### YOUR ASSIGNMENT:
Except for the pictures, reproduce the records word for word.

### INFORMATION GIVEN:
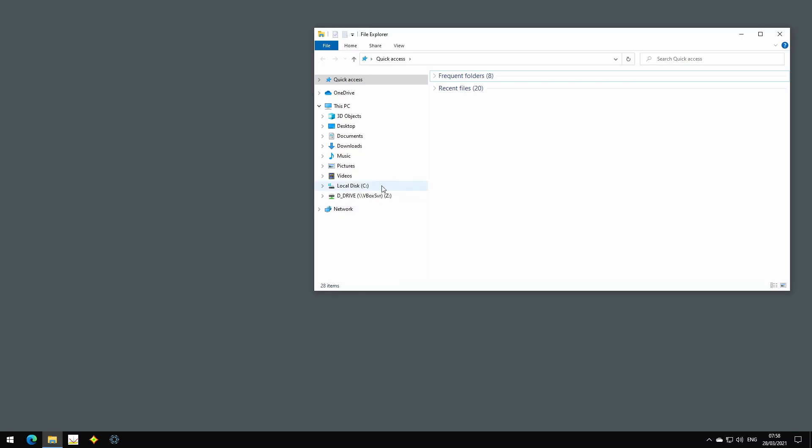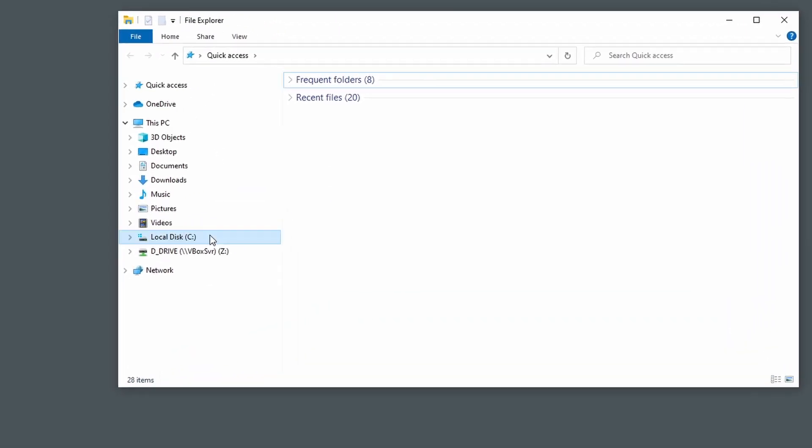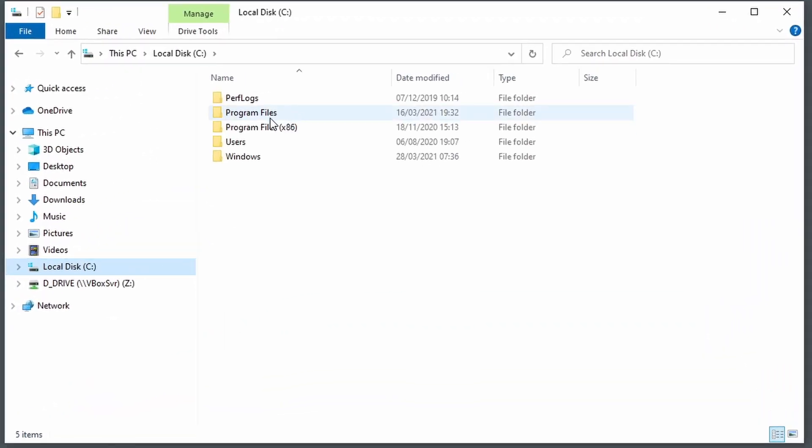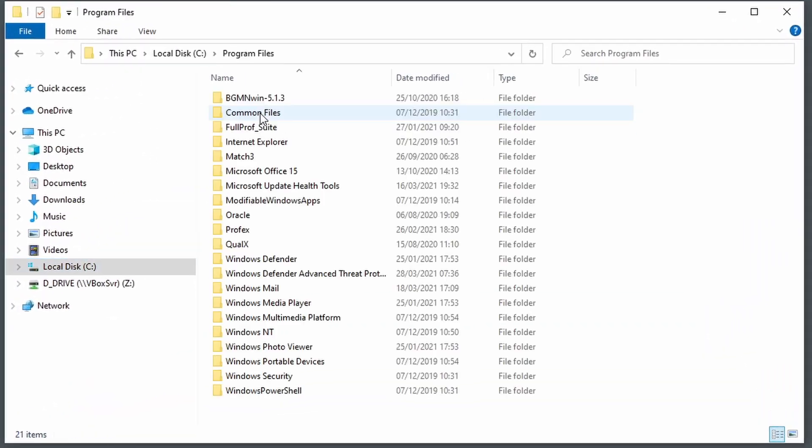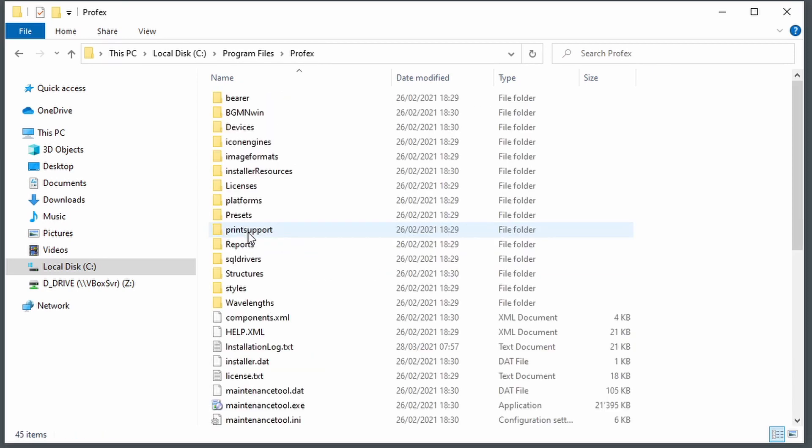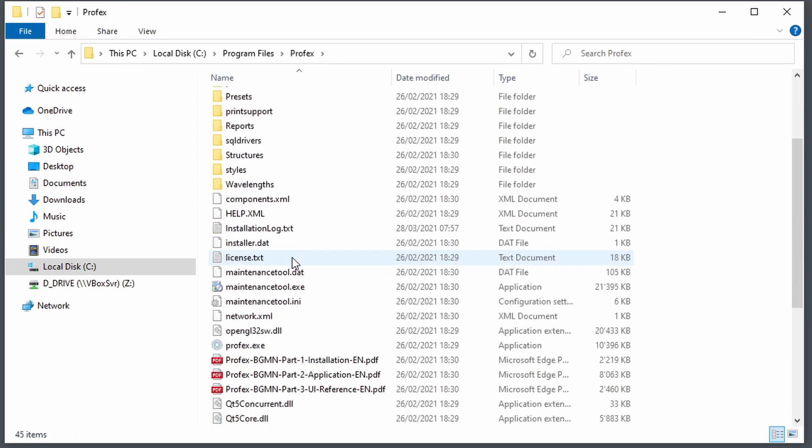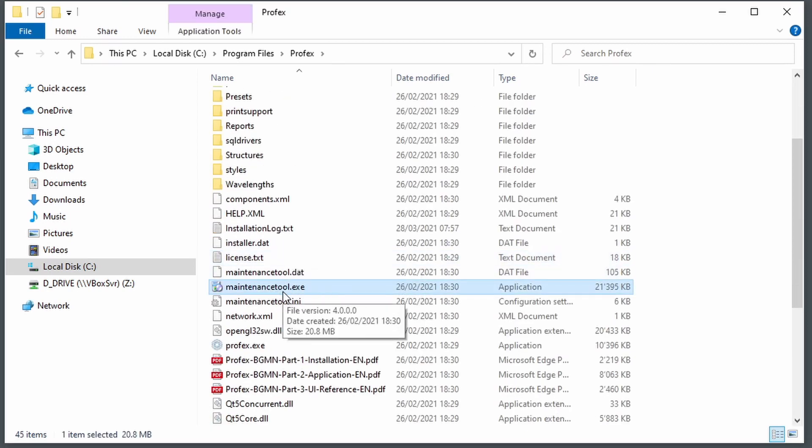To start the upgrade process we first have to go to the Profex installation folder, that's typically on C, Program Files, Profex, and in there we find the maintenance tool application.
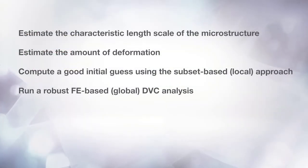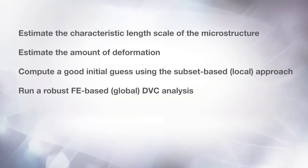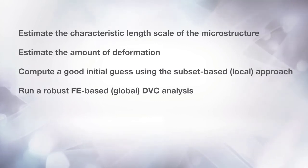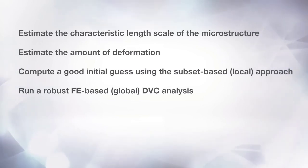As a summary, in this tutorial, you should have learned how to use the new DVC module and optimize its parameters, as well as check for the validity of the results and how to visualize the results of the computation. Goodbye, and thank you for viewing this tutorial.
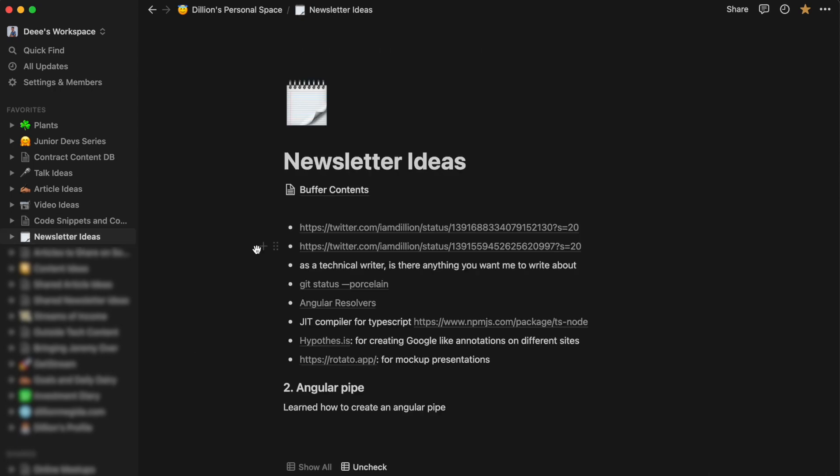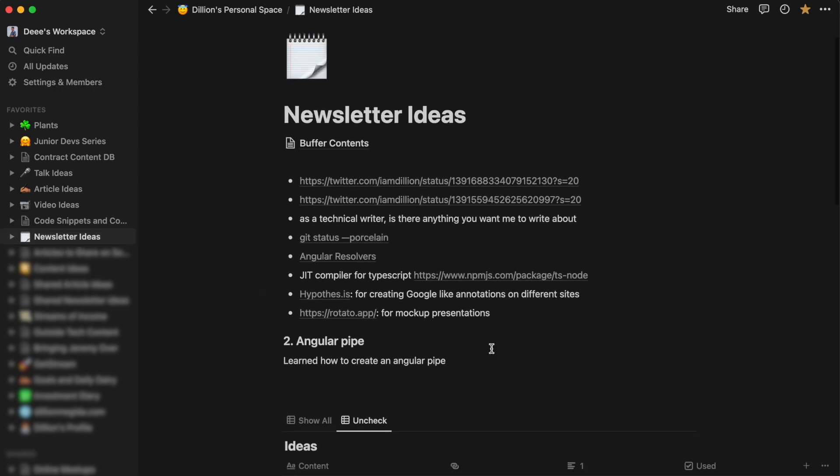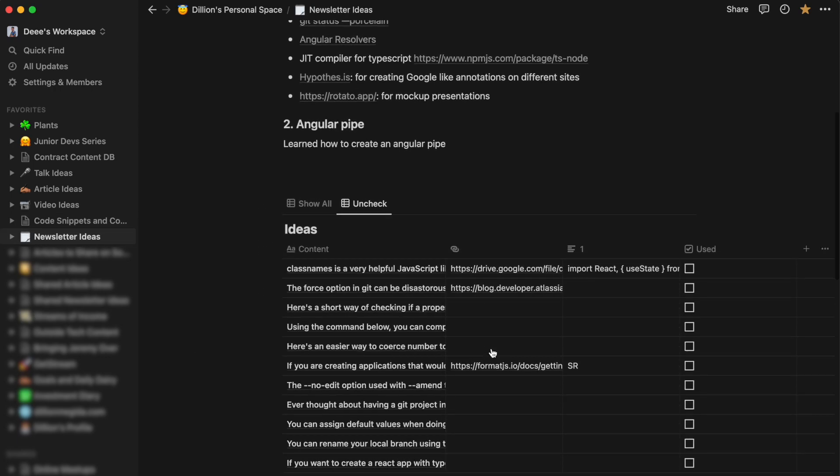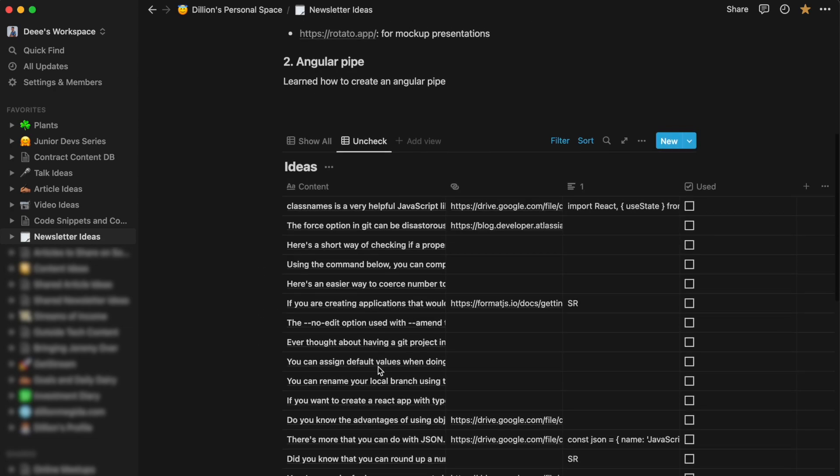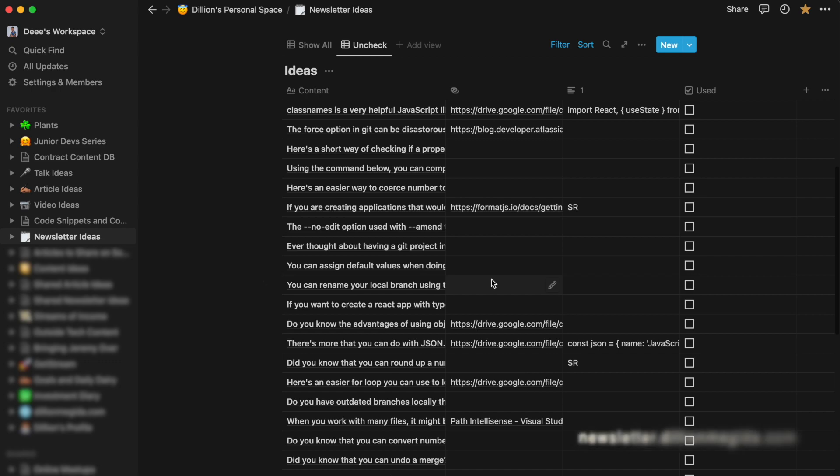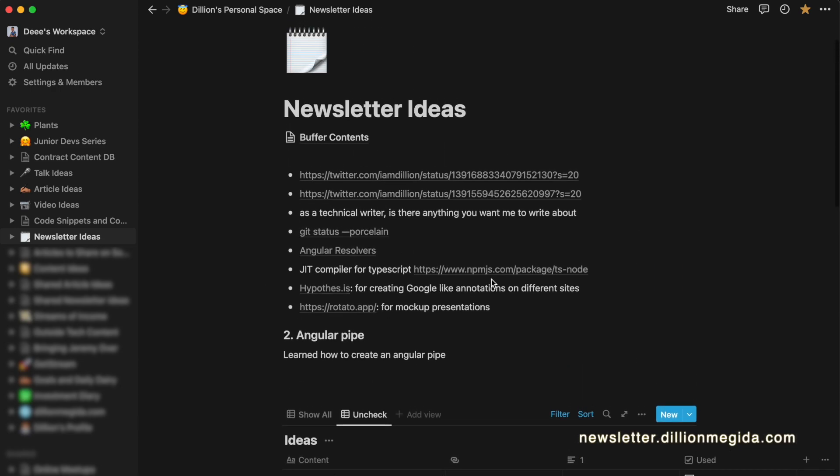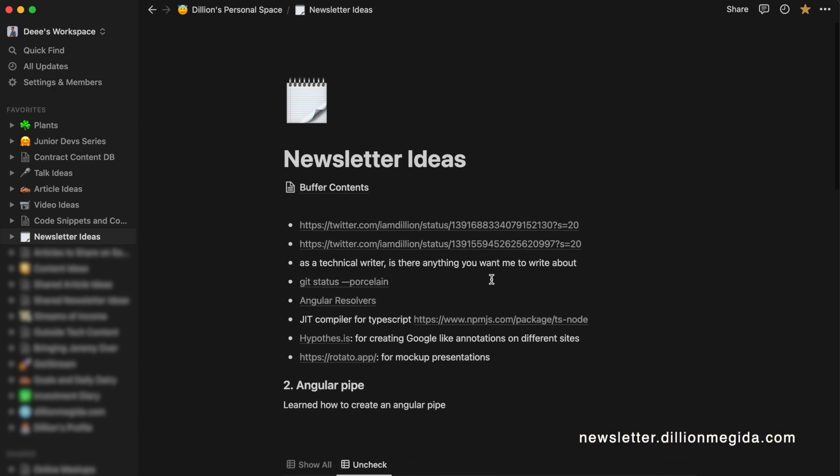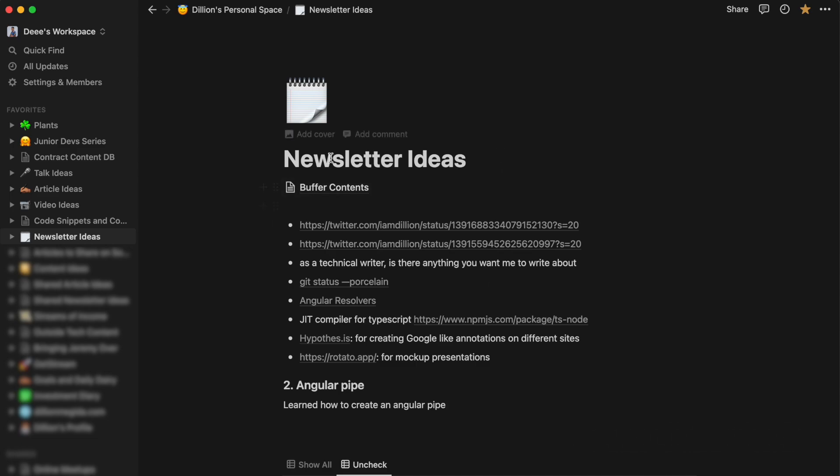And for newsletter ideas, also this is a table here where I also keep ideas of things I would like to show in my newsletter. I have a weekly newsletter. You can subscribe, I really appreciate that. The link is on the screen. But yeah, this is how I also keep my ideas for my newsletter. And that's pretty much every other thing.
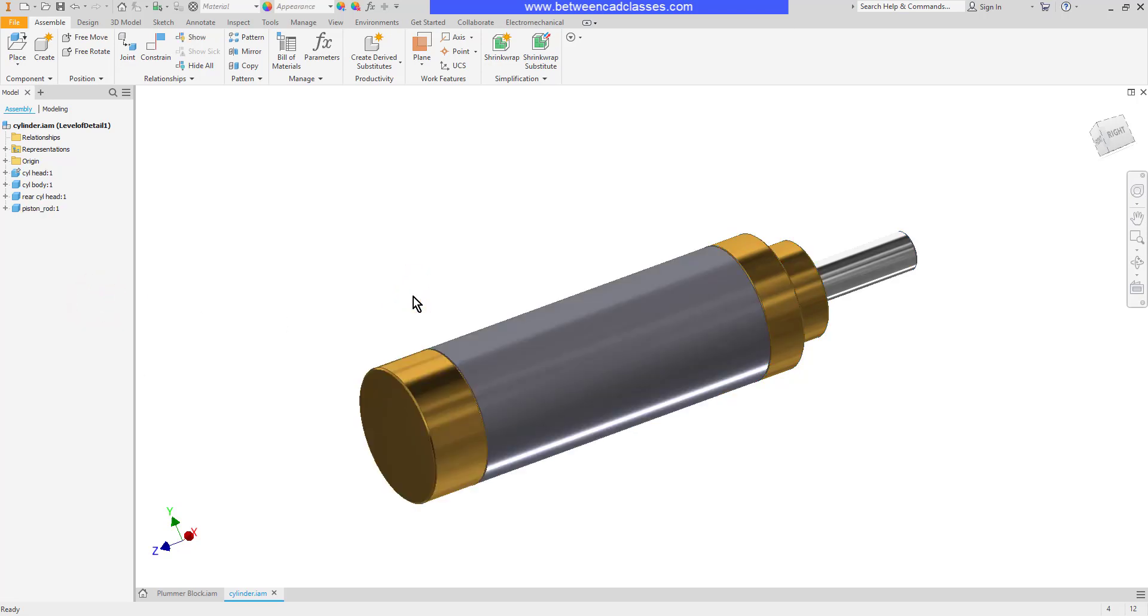There you have three ways to adjust the view of assembly components. Suppress, enable, and isolate.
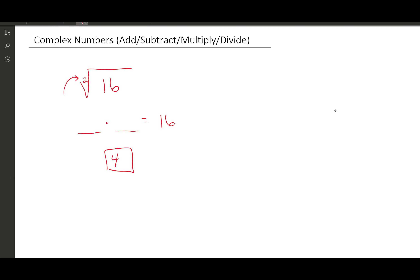4 times 4 is 16. However, let's look at another situation: the square root of negative 81. We're looking for a number times itself to make negative 81. One would think 9 — but 9 times 9 makes positive 81. Then we'd think negative 9, but negative 9 times negative 9 also makes positive 81. So there's no real number times itself to make negative 81.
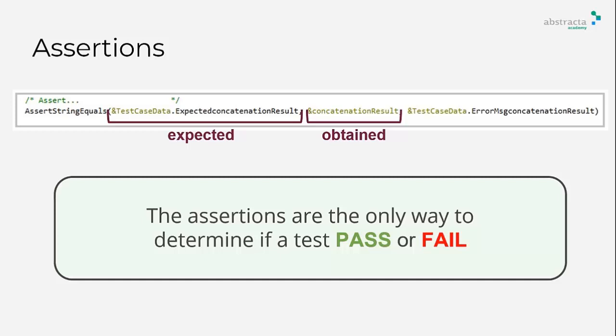You can use assertions for everything, like check if database table rows are expected ones or to check if an SDT array has data. We will explain these scenarios later.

### PROBLEM SOLUTION:
To start the upgrade process we first have to go to the Profex installation folder, that's typically on C, Program Files, Profex, and in there we find the maintenance tool application.
As a summary, in this tutorial, you should have learned how to use the new DVC module and optimize its parameters, as well as check for the validity of the results and how to visualize the results of the computation. Goodbye, and thank you for viewing this tutorial.
And for newsletter ideas, also this is a table here where I also keep ideas of things I would like to show in my newsletter. I have a weekly newsletter. You can subscribe, I really appreciate that. The link is on the screen. But yeah, this is how I also keep my ideas for my newsletter. And that's pretty much every other thing.
There you have three ways to adjust the view of assembly components. Suppress, enable, and isolate.
4 times 4 is 16. However, let's look at another situation: the square root of negative 81. We're looking for a number times itself to make negative 81. One would think 9 — but 9 times 9 makes positive 81. Then we'd think negative 9, but negative 9 times negative 9 also makes positive 81. So there's no real number times itself to make negative 81.
You can use assertions for everything, like check if database table rows are expected ones or to check if an SDT array has data. We will explain these scenarios later.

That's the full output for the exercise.